# Caad9 RAW pics please



## Kabooby (Apr 24, 2005)

Was wondering anyone out there with the caad9 raw color would post a pic of their bike for myself and I'm sure others to see. I have seen one with Token wheels and it looks awesome. I am thinking about getting one but it's always nice to see what others have done to their pride and joy. Thanks.


----------



## manhattanproj (Jul 13, 2006)

check this thread


----------



## LeDomestique (Jan 17, 2007)

I take some new shots of mine on the weekend and post them here. In the meantime...check:

http://forums.roadbikereview.com/showthread.php?t=27038&page=12


----------



## Kabooby (Apr 24, 2005)

Thanks guys although I have seen these pics I appreciate the time and effort for your reply. I own a system 6 with an SRM and would like to have a lighter bike for hillier races/crits. I like the caad9 for its stiffness and handling. I love the system 6 but there are some races I would rather not risk that bike as it is my pride and joy. The caad9 would be my training, winter, get around bike and I have a pretty good deal lined up for one. Looking forward to getting it soon.


----------



## rlchriss (Jun 13, 2007)

Yeah. I have the same setup - CAAD9 crit racing; Sys. 6 longer crit races and long, long rides / races. 

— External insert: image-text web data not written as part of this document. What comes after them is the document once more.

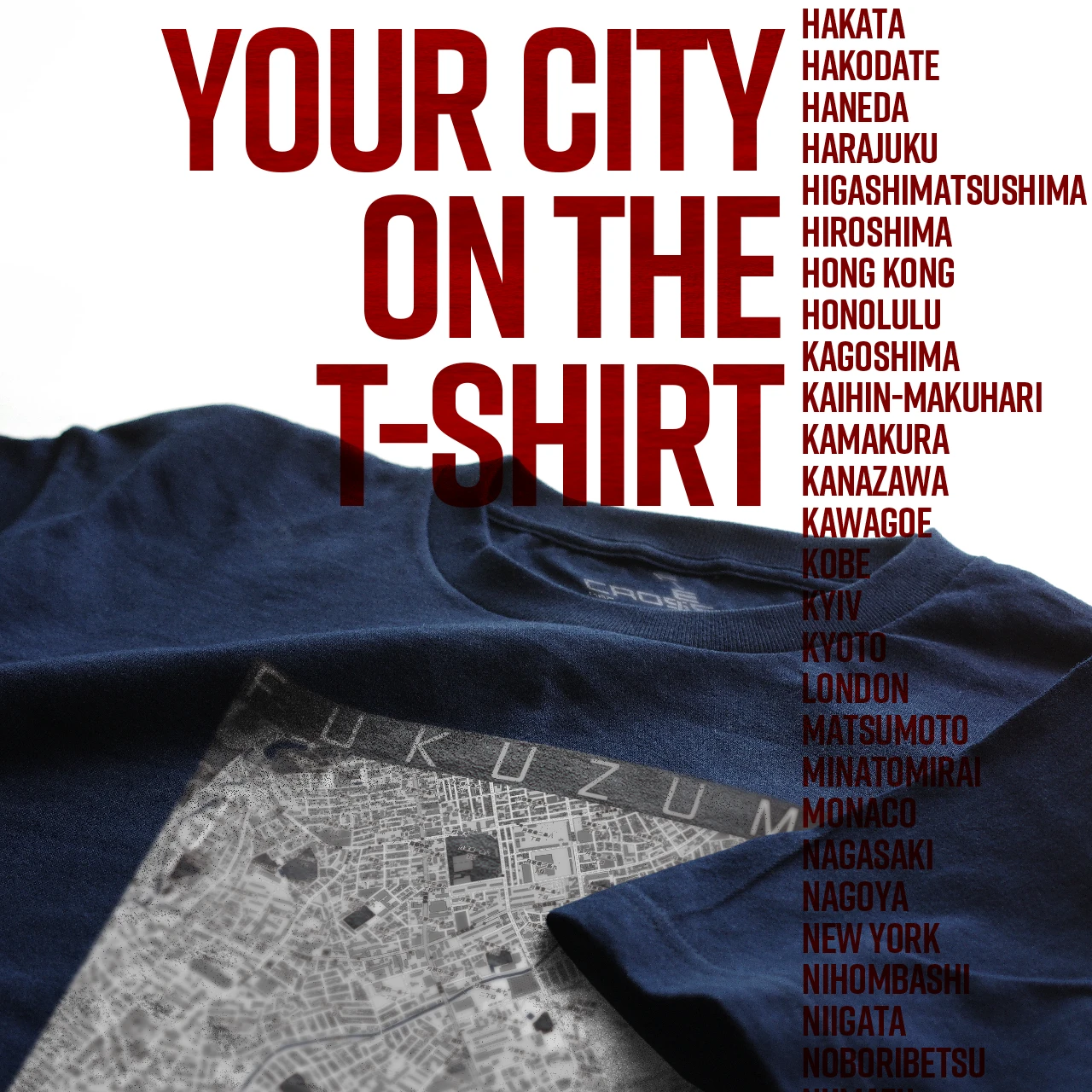 Your City on the T-shirt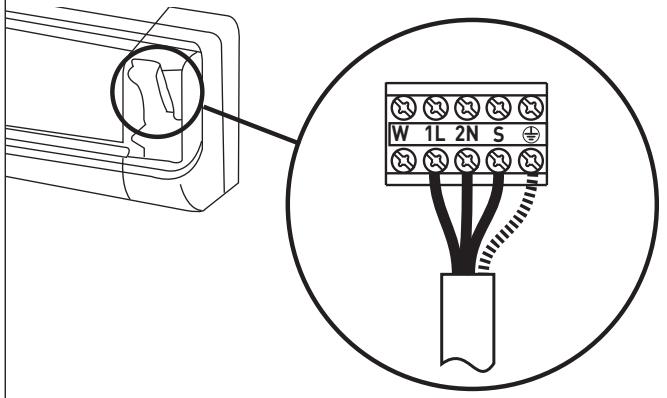 ARISTON PRIOS 35 - Connecting the internal unit - 2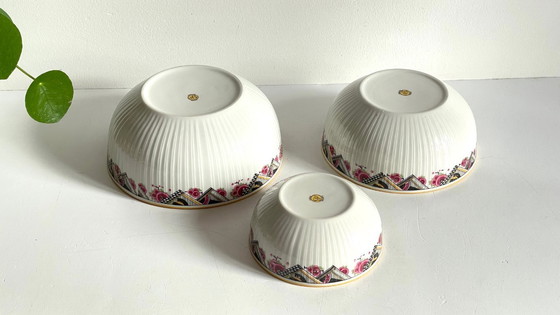 Image 1 of Ensaladeras Mehun con decoración Art Déco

Wors out pretty well, but I don't think you're gonna get the CAAD 9 lighter than the Sys. 6. You'll need a full on carbon fork, Dura Ace or better components, etc.


----------



## Kabooby (Apr 24, 2005)

It will be complete D/Ace and ritchey components but without the weight of an SRM. Not trying to get it lighter as in 14-15 lbs but just don't want it to be heavier.


----------